- Born: Linn Harrison Enslow February 26, 1891 Richmond, Virginia, US
- Died: November 3, 1957 (aged 66) Dublin, Virginia, US
- Education: Johns Hopkins University
- Known for: with Abel Wolman, standardized the methods used to chlorinate drinking water
- Scientific career
- Fields: sanitary engineering, chemistry

= Linn Enslow =

Linn Harrison Enslow (February 26, 1891 – November 3, 1957) was an American sanitary engineer and chemist, most famous for his work with Abel Wolman developing chlorination systems in Baltimore.

== Life ==

Enslow was born in Richmond, Virginia, to Linn Bliss Enslow and Marie (née Harrison) Enslow, the eldest of six children.
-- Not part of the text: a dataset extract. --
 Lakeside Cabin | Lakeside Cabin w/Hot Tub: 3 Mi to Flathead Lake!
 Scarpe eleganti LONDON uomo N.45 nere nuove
He died of a heart attack on his farm in Dublin, Virginia in 1957; at the time, he resided in Queens, New York, and was working as editor of the magazine Water and Sewage Works. He was buried in New Dublin Presbyterian Church Cemetery in Dublin, Virginia.

== Work ==

While studying chemistry at Johns Hopkins, he met Abel Wolman; together, the two devised a formula to appropriately chlorinate drinking water, depending on factors such as acidity. Between the time of discovery in 1919 and 1941, eighty-five percent of American water systems were using chlorination.